Twitter Tests Reply Revision Feature to Combat Harmful Content

Twitter's New Pause-and-Think Prompt for Tweets

Twitter is currently evaluating a new feature designed to encourage more thoughtful posting. The platform will now, in certain instances, ask users to reconsider their tweets before they are published.

Specifically, when Twitter’s systems identify a reply that appears potentially harmful or offensive, a prompt will appear. This encourages users to revise their message prior to sending it.

How the Prompt Works

Users encountering this prompt will see a pop-up message asking, “Want to review this before Tweeting?”

They are then presented with three options:

Tweet the reply as is.
Utilize the Edit function to modify the text.
Delete the tweet entirely.

A link is also provided to submit feedback if the system incorrectly flagged the message.

Previous Testing and Current Scope

This isn't the first time Twitter has explored this concept.

Similar experiments were conducted in May and August of 2020. While the core message remained consistent, the visual presentation of the buttons differed in those earlier iterations.

Currently, this latest test is limited to iOS users who are accessing the platform in English.

Detecting Harmful Language

Twitter previously explained that its detection systems rely on identifying language patterns similar to those found in previously reported tweets.

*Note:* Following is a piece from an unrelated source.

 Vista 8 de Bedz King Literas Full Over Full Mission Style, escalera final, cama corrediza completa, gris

The platform leverages data from past reports to recognize potentially problematic phrasing.

The Impact of Subtle Nudges

Research indicates that even minor interventions can influence user behavior.

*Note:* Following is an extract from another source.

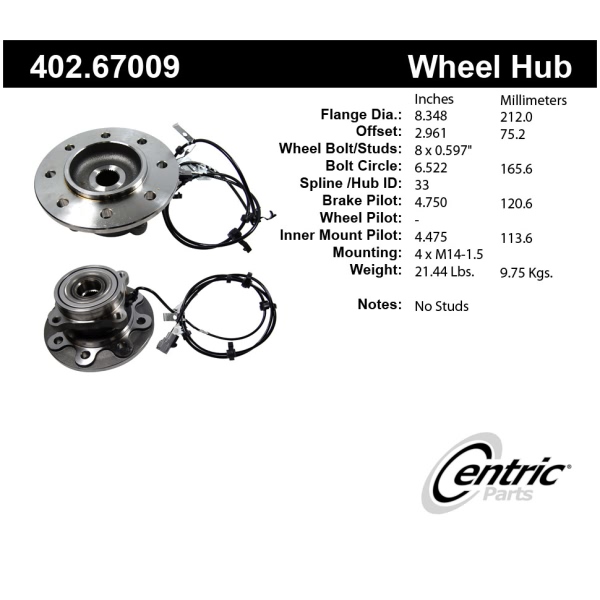 Centric Premium™ Front Passenger Side Driven Wheel Bearing and Hub Assembly 402.67009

For instance, prompting users to read an article before retweeting it resulted in a 40% increase in article opens.

Twitter has also implemented features to discourage unreflective retweets and slow the spread of misinformation.

Industry-Wide Trend

Other social media platforms are also employing similar techniques.

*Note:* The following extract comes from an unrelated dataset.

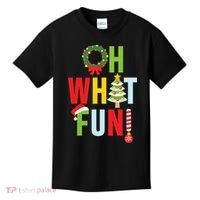 Oh What Fun Christmas With Wreath And Tree Kids T-Shirt thumb 0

Instagram introduced a feature in 2019 that flagged potentially offensive comments before posting, later extending it to captions.

TikTok recently launched a banner questioning users before they share videos containing “unverified content.”

Why Not a Full Rollout?

The reason for not immediately deploying the prompt more broadly remains unclear, especially considering the ongoing issue of online abuse on the platform.

Given the scale of other projects, such as Fleets and Spaces, a simple prompt seems like a feature that could have been fully implemented by now.

Twitter's Explanation

Twitter states that the initial experiment was paused to allow for improvements.

A spokesperson explained, “We paused the experiment once we realized the prompt was inconsistent and that we needed to be more mindful of how we prompted potentially harmful Tweets.”

Further refinements were made to the health model, and a system for user feedback was implemented to address potential errors.

The company also focused on improving the evaluation of offensive language, including insults and hateful remarks, and on differentiating between genuine harm and playful banter between friends.